The NAACP website says that between 1882 and 1968, there were 4,743 lynchings in the United States, and that almost 73 per cent of the victims were black.

"Well, I know her and I know she apologized, and she misspoke", Trump told reporters on Moday at the White House, according to Politico. As the white and Republican blocs in MS are larger than the black and Democratic blocs, it seems likely that her larger base will carry Hyde-Smith to a moderately strong victory. But they say the appearances will provide a spark to their voters, too.

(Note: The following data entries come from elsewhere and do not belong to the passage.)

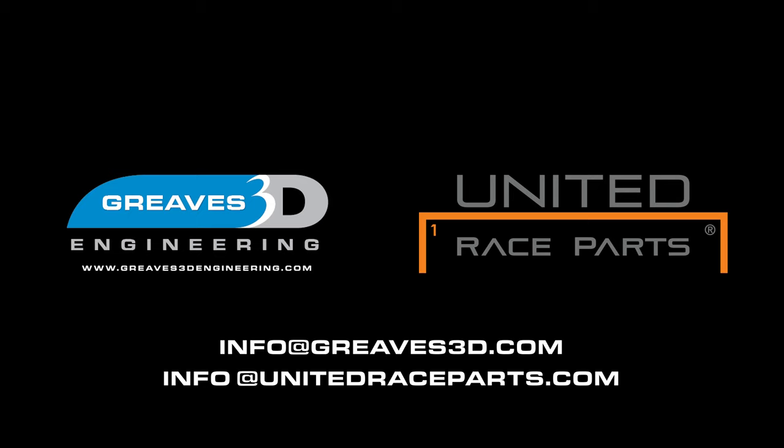If you're interested in having your own bespoke pit lane engineering station or any pit lane equipment, please contact us at info@greaves3d.com.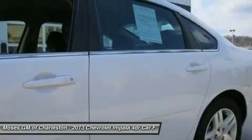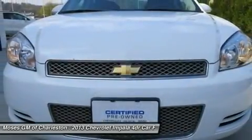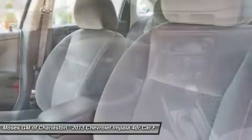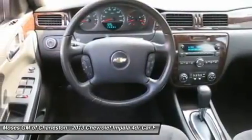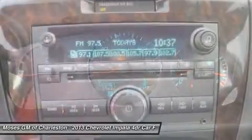If you have a question, comment, or would like to schedule a test drive, please call us today at 304-343-5534. And be sure to check us out at www.mosesdowntown.com for our most up-to-date inventory and sales and service specials.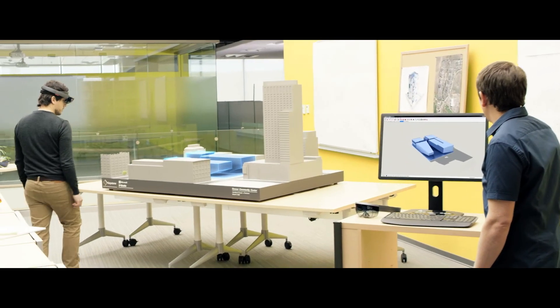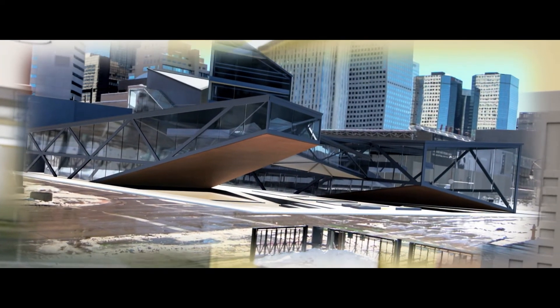HoloLens is about bringing your design into life. It will change the way architects work today.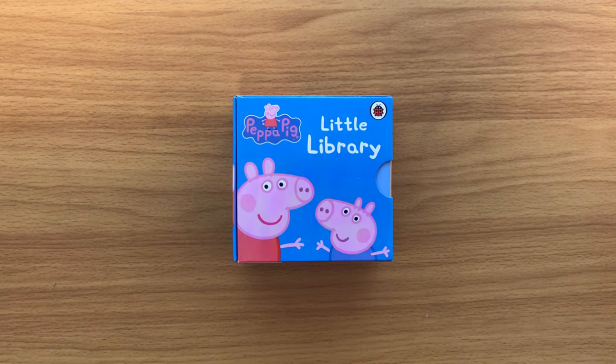Subscribe to my channel, press that red button below and follow me — you'll find hundreds of Peppa Pig books in my collection. I also have Hey Doggy books, Bluey books, so do check out my channel.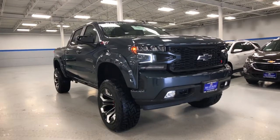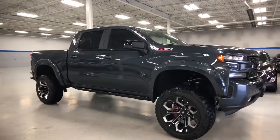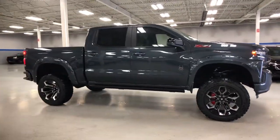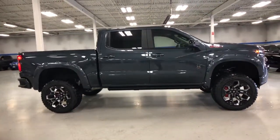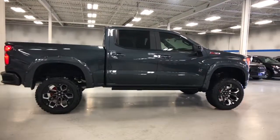Enjoy the view of this 2021 Chevrolet Silverado 1500. The Chevrolet Silverado 1500: the full-size pickup that's strong, quiet, and dependable with the latest technology to keep you connected while you get the job done.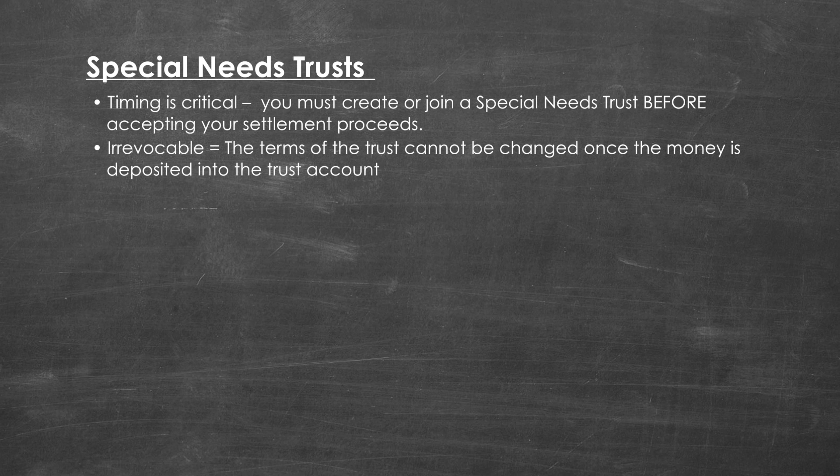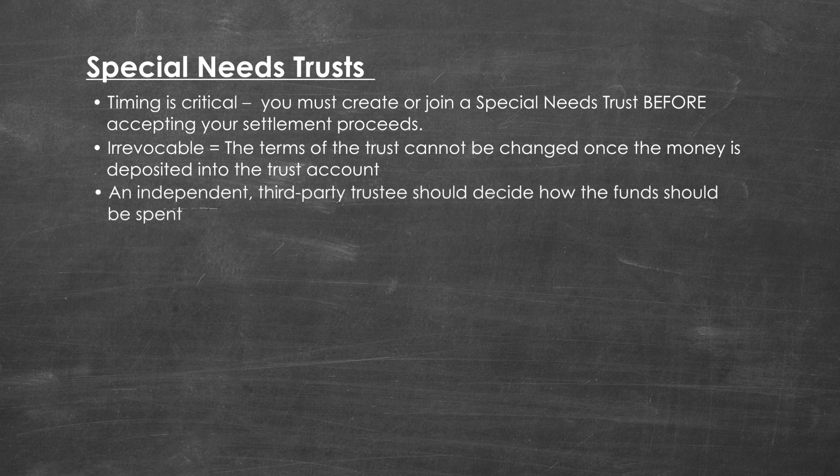There are two types of special needs trusts: private and pooled. Both private and pooled special needs trusts must follow state and federal guidelines for using the money in the trust. Because of those rules, it is usually best for an independent, third-party trustee to decide how the trust money should be used. The trustee can determine what purchases to make with the trust funds and ensure that purchases are for supplemental goods and services, rather than food, shelter, or clothing items that the government programs are meant to cover.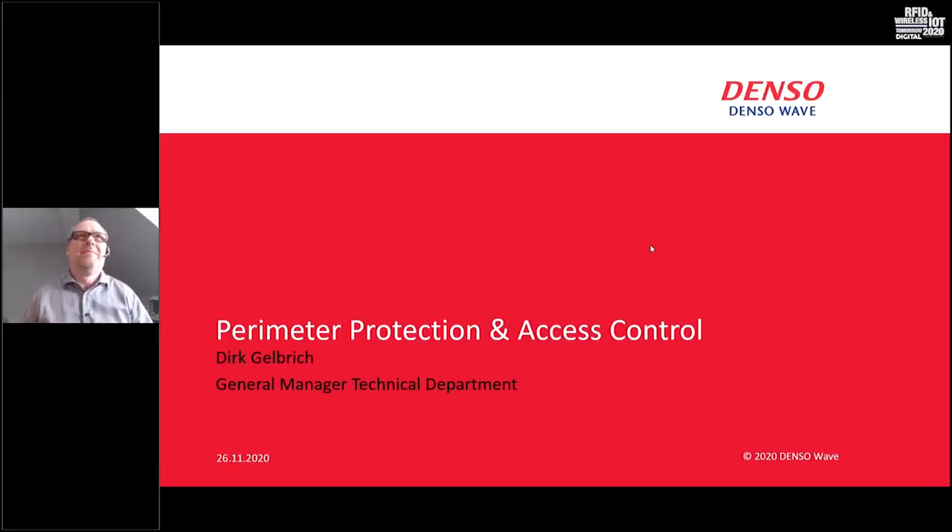Thank you very much everybody for joining this session today. My name is Gary and I'm working as a General Manager for the Technical Department at Denso Wave. What I would like to show you today are two solutions we provide for perimeter protection.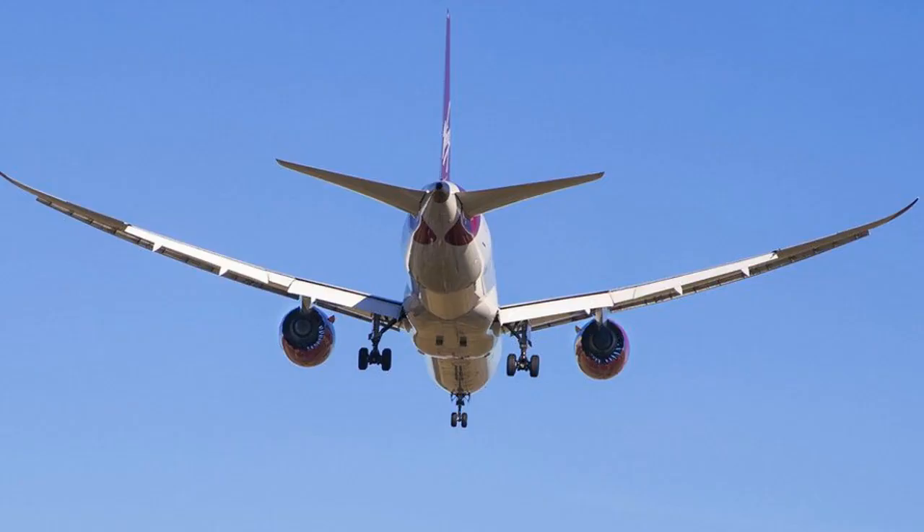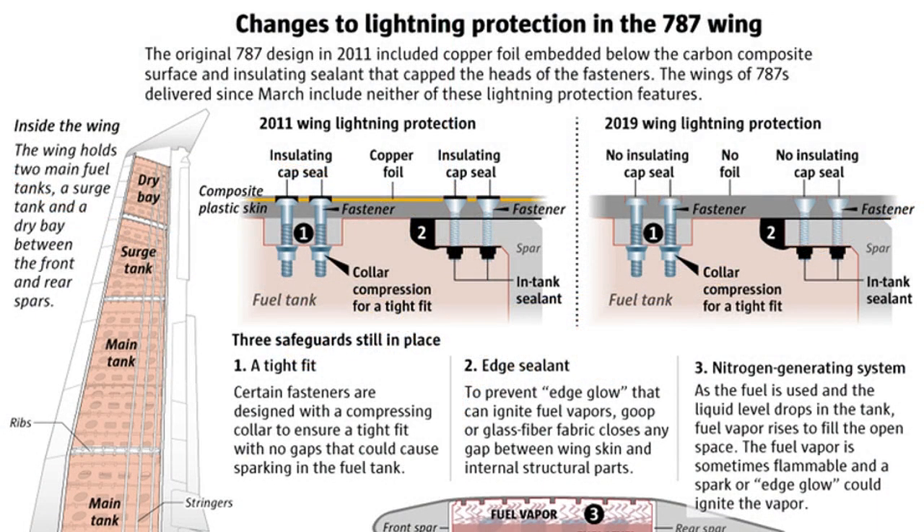FAA engineers objected to Boeing's removal of some 787 lightning protection measures. Last spring, Federal Aviation Administration (FAA) managers approved removing a key feature of the 787 Dreamliner wing that aimed to protect it in the event of a lightning strike. Boeing's design change, which reduces costs for the company and its airline customers, sped through despite firm objections raised by the agency's own technical experts, who saw an increased risk of an explosion in the fuel tank inside the wing. That clash will come under scrutiny Wednesday as FAA Administrator Steve Dixon appears before a House committee examining the agency's regulatory performance in the wake of the two Boeing 737 MAX crashes.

Espy resigned the Cabinet post in 1994 amid a special counsel investigation that accused him of improperly accepting gifts.

The comments triggered a political firestorm in a state that has a history of racism and lynchings and was a flashpoint in America's civil rights struggle. "I think it's been overblown", Smith said over a simmering plate of Chinese food at the Edgewater Mall in Biloxi, . Hyde-Smith won 41 percent of the vote November 6, Espy 40 percent, and McDaniel 17 percent, eliminating McDaniel for the runoff.

Hyde-Smith, who was appointed in April to fill retired Republican Sen.

Espy said he refused to accept offers of plea deals.